Training, simplified

Piaffe

When Jay and I were watching dressage at the WEG, we were using the headsets in which a commentator was, well, commentating.  I don’t know if this happens to you, but sometimes a particular turn of phrase will have such an undeniable “truthiness” (oh how I love that word) to it that I find myself putting everything else immediately aside to think about it.  The commentator was acknowledging a particularly beautiful piaffe in an afternoon of piaffing excellence.  She said,

“When you train a horse you have to do two things:  You have to teach him the mechanics of what you wish him to do, and then you have to teach him that he is good at it.”

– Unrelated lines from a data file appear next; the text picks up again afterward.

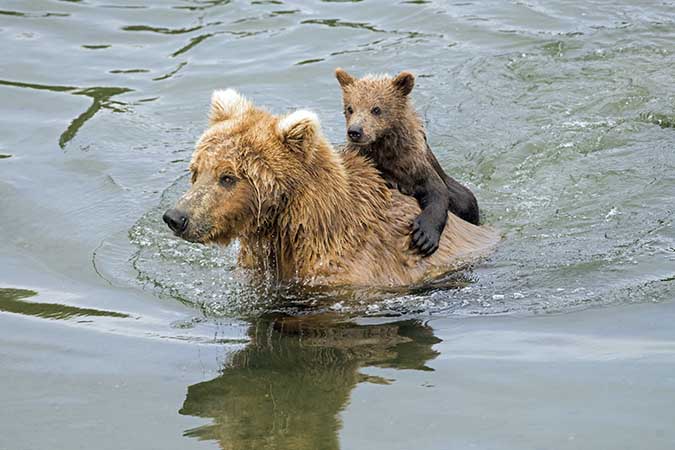 The Choice to Get Into the Lake Was Far From Harmless...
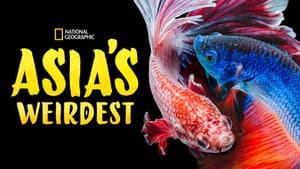 Asia's Weirdest — foto 10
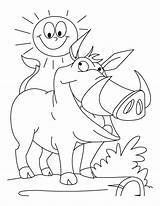 Wild Boar Coloring Pages Smiling Sun Together Hog Razorbacks Arkansas Getdrawings Pig Template sketch template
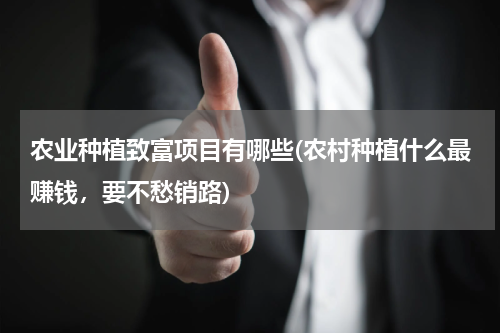 农业种植致富项目有哪些(农村种植什么最赚钱，要不愁销路)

Upon hearing that, I didn’t really see the rest of the test, though I was looking.  It was like a lightning bolt hit me, and I sat there, stunned.  That one sentence encapsulated all that I do with horses.  A trainer has to know the correct mechanics of any skill she is trying to teach (what are the footfalls of canter?  How does half pass start?  How does a horse arrange his legs in all stages of a jump?).  The trainer also has to know when the work is correct, or even close while they are learning, and communicate that to the horse.  Congratulate him, even.  When the horse gets his paycheck in praise for doing a thing as we wish, pretty soon he likes to do that thing.  When he likes to do that thing, he performs it with increasing confidence, which, if nurtured, becomes brilliance.

So the horse piaffing with joyful brilliance in front of us that day had mastered the mechanics of the movement, and he clearly knew he was good at it.  It was a joy to see.  Now that’s training.